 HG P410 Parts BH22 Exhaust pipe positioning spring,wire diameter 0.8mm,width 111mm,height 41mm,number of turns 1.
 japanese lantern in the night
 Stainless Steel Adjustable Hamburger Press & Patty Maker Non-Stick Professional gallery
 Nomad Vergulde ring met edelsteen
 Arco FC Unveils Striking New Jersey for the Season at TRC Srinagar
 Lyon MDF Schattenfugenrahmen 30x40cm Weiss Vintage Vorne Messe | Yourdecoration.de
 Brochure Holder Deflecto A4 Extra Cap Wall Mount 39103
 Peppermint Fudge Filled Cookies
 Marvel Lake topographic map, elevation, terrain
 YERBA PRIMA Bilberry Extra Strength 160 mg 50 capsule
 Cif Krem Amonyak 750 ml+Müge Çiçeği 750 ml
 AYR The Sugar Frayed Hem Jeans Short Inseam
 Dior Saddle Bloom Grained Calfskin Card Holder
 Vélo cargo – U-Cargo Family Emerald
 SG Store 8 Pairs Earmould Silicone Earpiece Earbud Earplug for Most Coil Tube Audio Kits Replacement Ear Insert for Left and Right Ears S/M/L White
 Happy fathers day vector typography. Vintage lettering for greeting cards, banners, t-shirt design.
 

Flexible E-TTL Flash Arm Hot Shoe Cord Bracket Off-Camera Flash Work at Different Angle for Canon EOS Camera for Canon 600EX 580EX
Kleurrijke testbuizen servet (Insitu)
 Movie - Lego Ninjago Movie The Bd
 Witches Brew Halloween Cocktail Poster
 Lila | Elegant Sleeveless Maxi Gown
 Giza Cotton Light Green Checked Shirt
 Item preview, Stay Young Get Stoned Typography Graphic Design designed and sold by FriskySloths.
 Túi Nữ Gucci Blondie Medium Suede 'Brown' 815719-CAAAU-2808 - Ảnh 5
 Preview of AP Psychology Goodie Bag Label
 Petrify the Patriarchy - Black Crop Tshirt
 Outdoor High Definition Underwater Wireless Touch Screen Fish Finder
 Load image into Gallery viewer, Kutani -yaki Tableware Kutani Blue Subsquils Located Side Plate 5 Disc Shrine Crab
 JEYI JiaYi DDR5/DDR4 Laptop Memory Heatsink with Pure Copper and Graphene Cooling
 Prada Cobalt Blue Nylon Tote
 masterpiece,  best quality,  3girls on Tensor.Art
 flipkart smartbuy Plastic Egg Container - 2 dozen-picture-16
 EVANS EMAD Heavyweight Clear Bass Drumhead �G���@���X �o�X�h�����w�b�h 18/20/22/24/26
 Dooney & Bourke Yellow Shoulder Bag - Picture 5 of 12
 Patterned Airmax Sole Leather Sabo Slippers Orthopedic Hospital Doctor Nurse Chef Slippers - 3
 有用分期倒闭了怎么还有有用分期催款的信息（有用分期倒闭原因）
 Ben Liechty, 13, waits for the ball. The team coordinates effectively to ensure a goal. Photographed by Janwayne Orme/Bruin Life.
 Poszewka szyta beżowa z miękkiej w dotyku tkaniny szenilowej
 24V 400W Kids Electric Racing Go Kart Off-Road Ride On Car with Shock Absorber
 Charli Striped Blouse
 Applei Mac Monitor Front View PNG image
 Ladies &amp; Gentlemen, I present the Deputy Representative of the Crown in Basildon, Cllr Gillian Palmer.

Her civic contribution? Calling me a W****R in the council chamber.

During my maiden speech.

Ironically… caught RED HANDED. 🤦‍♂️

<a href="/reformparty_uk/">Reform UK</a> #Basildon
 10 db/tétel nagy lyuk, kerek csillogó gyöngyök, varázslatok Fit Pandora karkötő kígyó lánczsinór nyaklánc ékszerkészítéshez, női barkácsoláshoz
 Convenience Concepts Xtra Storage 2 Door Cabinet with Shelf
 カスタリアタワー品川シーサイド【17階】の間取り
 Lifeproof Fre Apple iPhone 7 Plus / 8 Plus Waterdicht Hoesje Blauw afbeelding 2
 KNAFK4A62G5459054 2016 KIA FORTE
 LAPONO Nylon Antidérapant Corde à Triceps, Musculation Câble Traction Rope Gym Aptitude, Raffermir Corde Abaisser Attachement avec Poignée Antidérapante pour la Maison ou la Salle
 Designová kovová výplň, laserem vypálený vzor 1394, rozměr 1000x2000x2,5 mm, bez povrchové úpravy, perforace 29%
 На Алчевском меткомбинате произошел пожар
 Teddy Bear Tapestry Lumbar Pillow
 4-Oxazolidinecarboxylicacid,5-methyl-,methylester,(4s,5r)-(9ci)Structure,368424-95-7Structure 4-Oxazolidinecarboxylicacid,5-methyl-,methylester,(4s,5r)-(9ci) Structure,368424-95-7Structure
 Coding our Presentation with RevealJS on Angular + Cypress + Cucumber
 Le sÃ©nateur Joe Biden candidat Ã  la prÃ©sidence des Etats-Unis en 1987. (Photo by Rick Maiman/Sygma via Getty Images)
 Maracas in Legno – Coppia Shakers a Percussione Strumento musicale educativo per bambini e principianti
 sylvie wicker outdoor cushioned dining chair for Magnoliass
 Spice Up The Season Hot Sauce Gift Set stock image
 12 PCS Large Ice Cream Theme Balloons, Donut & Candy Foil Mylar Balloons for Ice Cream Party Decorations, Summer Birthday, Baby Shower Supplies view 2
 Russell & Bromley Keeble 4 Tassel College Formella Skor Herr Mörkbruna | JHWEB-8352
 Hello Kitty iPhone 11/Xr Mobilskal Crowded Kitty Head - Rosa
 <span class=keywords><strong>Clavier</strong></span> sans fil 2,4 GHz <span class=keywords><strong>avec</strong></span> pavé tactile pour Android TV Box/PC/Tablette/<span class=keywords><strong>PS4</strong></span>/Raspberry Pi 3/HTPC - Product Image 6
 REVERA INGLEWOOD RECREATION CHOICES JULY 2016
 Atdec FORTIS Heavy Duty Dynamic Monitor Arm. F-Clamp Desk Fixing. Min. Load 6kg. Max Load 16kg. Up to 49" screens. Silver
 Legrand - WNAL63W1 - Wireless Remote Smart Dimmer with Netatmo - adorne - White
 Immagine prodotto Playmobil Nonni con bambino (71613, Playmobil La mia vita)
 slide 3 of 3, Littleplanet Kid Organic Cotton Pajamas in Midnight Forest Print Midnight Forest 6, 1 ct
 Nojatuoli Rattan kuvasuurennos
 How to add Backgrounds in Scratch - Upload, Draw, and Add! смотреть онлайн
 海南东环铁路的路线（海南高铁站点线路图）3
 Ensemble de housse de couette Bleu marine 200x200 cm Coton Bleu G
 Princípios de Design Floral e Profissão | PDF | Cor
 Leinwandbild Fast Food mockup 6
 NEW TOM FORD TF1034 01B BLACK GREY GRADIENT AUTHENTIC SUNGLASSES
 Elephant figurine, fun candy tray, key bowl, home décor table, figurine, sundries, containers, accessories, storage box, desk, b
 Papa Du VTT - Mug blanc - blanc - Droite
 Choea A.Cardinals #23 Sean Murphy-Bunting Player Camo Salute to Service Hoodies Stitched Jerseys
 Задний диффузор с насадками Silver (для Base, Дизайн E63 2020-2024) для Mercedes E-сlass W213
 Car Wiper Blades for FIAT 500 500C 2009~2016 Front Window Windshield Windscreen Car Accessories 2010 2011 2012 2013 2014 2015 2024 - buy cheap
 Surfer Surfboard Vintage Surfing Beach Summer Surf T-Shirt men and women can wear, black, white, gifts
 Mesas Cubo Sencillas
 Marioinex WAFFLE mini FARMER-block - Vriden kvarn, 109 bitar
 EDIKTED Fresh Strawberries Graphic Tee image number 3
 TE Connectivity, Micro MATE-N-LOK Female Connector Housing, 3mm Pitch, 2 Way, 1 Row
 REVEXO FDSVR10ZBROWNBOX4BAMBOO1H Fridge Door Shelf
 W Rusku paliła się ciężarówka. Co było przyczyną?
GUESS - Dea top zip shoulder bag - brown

------------------------------------

→ **Task instructions**:
Among the entries above, the lines between the ones containing "Túi Nữ Gucci" and "Outdoor High Definition", inclusive, are to be transcribed exactly. No other line is to be given.

→ **The answer**:
 Túi Nữ Gucci Blondie Medium Suede 'Brown' 815719-CAAAU-2808 - Ảnh 5
 Preview of AP Psychology Goodie Bag Label
 Petrify the Patriarchy - Black Crop Tshirt
 Outdoor High Definition Underwater Wireless Touch Screen Fish Finder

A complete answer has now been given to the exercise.